Cleary is one of the local professionals who works in the nexus between sporting goods and the law.
At its most extreme, the nexus involves going to court to defend one’s intellectual property against patent infringement , or challenging other companies’ patents.
La Jolla resident Dana Robinson, for example, is the attorney representing San Diego-based L1 Technologies. L1 is the parent company of iGolf, which makes devices that help golfers determine distances, and play a better golf game, by tapping into the global positioning satellite system.
Dallas-based GPS Industries, which also makes a GPS aid for golfers, sued L1 Technologies and nine other companies in May 2007, alleging that the 10 infringed its patent titled, “Golf distance measuring and method.”
Now L1 and the nine companies have mounted a challenge to the Dallas company’s 1994 patent. The U.S. Patent and Trademark Office said in late November that it would reexamine GPS Industries’ patent. The review could take as long as two years, according to an L1 publicist.
Going Swimmingly
Cleary heads the action sports practice at Mintz Levin.
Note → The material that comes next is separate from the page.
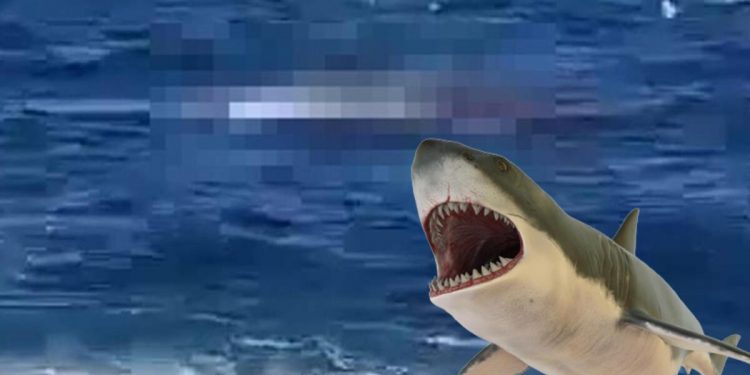 60 yıl sonra bir ilk! Vahim köpekbalığı saldırısı kameraya yansıdı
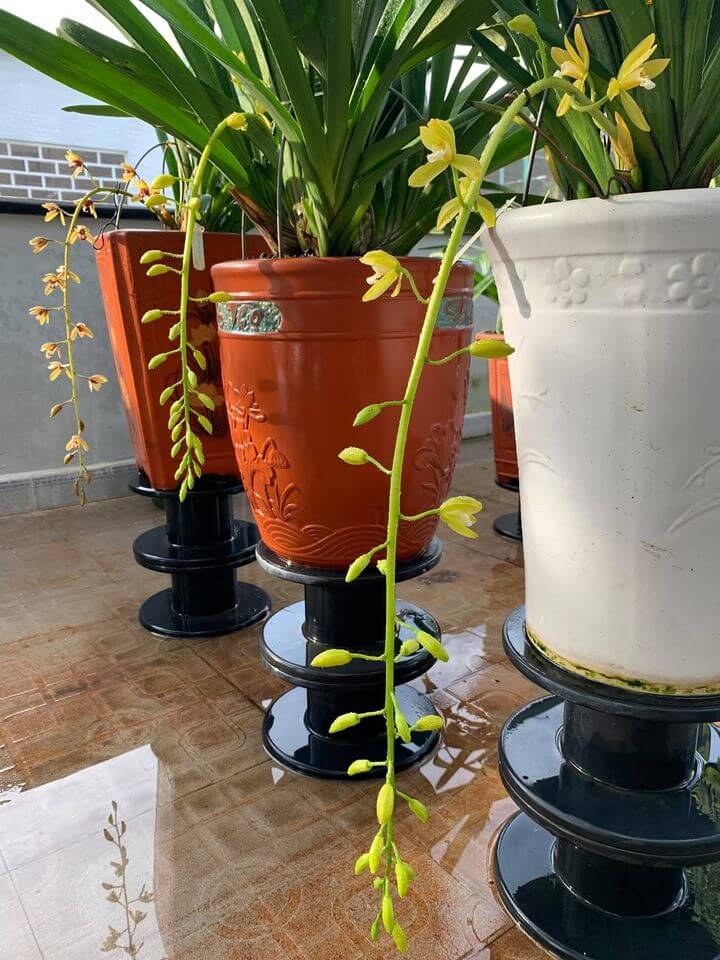 cách tưới nước cho lan kiếm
He took credit for more than half of the $200,000 in action sports legal work its San Diego office generated during 2008.
It’s really a sideline for him. Cleary spends the bulk of his time working with computer technology. Software makers SAP of Germany and Minneapolis’ Fair Isaac are major clients.
Still, the action sports practice lets Cleary draw on mind, body and experience.
Cleary is in love with sports, from skateboarding to snowboarding. He credits talent as a swimmer for getting him into the Air Force Academy, where he studied electrical engineering.
He says that using cutting-edge action sports gear helps him write patent applications.
Work for Poway-based Revolution Enterprises had him at the business end of a kite at La Jolla Cove. The wind was so strong that the kite tugged him bodily across the grass. Cleary was there to test Revolution’s product that changes the shape of the kite to brake it.
Tad Stout credits Cleary for turning his single sporting goods patent into five.
Stout is the founder of AquaLogix, a local company that makes a line of bell-shaped devices worn on the hands. The devices create resistance when a person drags them through the water. They’re used in the pool to improve a swimmer’s workout.
Stout estimates he’s spent more than $100,000 on patent protection. In addition to his five patents, he has three others pending.
The inventor said Cleary was especially helpful in getting the patent office to reexamine a rejected patent. “I am very lucky to have him,” says Stout.
Cleary, who spent his youth on skateboards in the streets of San Diego, has also helped San Diego-based Sector 9 patent a variety of skateboard trucks. Another local client is Neptunic Sharksuits, which makes sharksuits for divers and cut-resistant clothing worn for underwater sports. The latter company may have items of interest to the military, Cleary says.
Mintz Levin’s action sports segment is growing, says Cleary, who reports that the recession has not stifled inventors’ creativity.
In 2008, Mintz Levin did about $1 million in business from action sports and related business. That includes apparel, which is handled out of its Boston office. Work in action sports and apparel is growing at 20 percent to 30 percent annually, Cleary said.
The Look
It’s not just invention that demands legal protection. In the realm of sporting goods and related apparel, the look of the merchandise is also a big, big deal.
Kenneth Fitzgerald, an intellectual property partner in the local office of Latham & Watkins, points to Oakley, the Orange County-based sunglasses maker, as a company that takes the look of its competitors to court. “Oakley is very aggressive in protecting the Oakley look in glasses,” Fitzgerald says.
The company may allege trademark infringement or trade dress infringement. Trade dress refers to a product’s packaging and presentation. The classic example of trade dress, Fitzgerald says, is the distinctive shape of the Coca-Cola bottle.
The legal landscape for sporting-related apparel, not to mention designer clothing, could change if the new Congress is inclined to do it. Fitzgerald says there has been a move to extend three-year copyright protection to clothing designs. Bills calling for such protection have been introduced during the last two sessions of Congress but have not survived. Rep. William Delahunt, D-Mass., introduced the latest version of the bill, H.R. 2033, in 2007.
Mintz Levin’s Cleary maintains all aspects of taking a sporting goods product to market , from securing patents and trademarks to finding financial backing, from sourcing to introducing it to the public , flow together.
Knowledge of one informs the other. Nothing, the attorney says, exists in a vacuum.